2023年7月、札幌・すすきののホテルで、当時62歳の男性を殺害し、頭部を切断して持ち去った事件で、札幌地検は3月6日、田村瑠奈被告(30)、父親の修被告(60)、母親の浩子被告(62)の3人を起訴した。

札幌地検が明らかにした起訴状の要旨には、犯行の詳細が書かれてあった。

それによると、瑠奈被告は、2023年7月1日、折り畳みナイフで男性を複数回突き刺して殺害し、のこぎり等を使用して頸部を切断。キャリーケースに頭部を入れてホテルから持ち出し、父親が運転する車で帰宅。

さらに、自宅では頭部から皮膚を剥ぎ取り、左右の眼球、舌および食道気管を摘出して死体を損壊した。また、同7日に瑠奈被告は、頭部から右眼球を摘出する場面を父親にビデオ撮影させていたという。
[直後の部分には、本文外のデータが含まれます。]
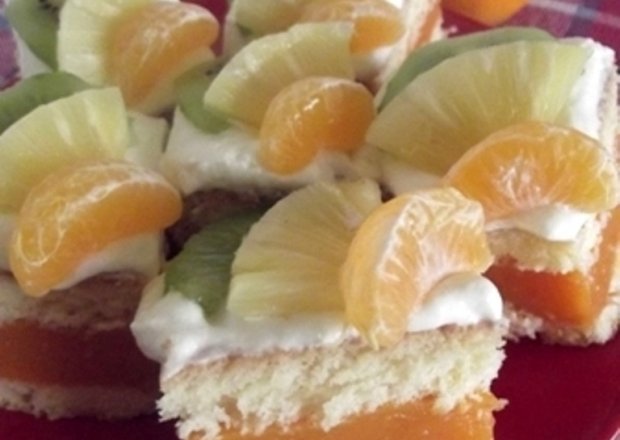 Fotografia przedstawiająca Kubusiowe ciasto z owocami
地検が、このように猟奇的な起訴内容を明らかにするのは「異例」だと、元東京地検特捜部で弁護士の若狭勝氏が驚く。

「最近の裁判は、起訴状の段階では比較的あっさりと事件に触れ、裁判の冒頭陳述でしっかり語る傾向にあります。しかし今回、札幌地検は、目をくりぬいたとか、舌を摘出したとか、事件の悪質性を際立たせる文書にしています。

地検として起訴内容を極力オープンにしようという姿勢であり、正しいあり方だと思います。起訴した娘と両親の3人には明確な役割分担があったわけですから、それぞれの犯行内容をはっきり書かなければ起訴理由がわからないと判断したのでしょう」

もっとも、すぐに裁判が始まるわけではなさそうだ。現地記者は、「事件を起こした瑠奈被告に対し、再鑑定を求める意見書が弁護士から出されていて、裁判所の判断はこれから出る」と話す。若狭氏も、「裁判が始まるまでに1年はかかるかもしれない」との見方だ。

「地検は、犯行の動機を明らかにしていません。動機が曖昧な場合、たとえば多重人格と認定され、責任能力を問えない可能性もあります」(若狭氏)

瑠奈被告は、なぜ常軌を逸した行為に及んだのか。真相解明はまだ先になりそうだ。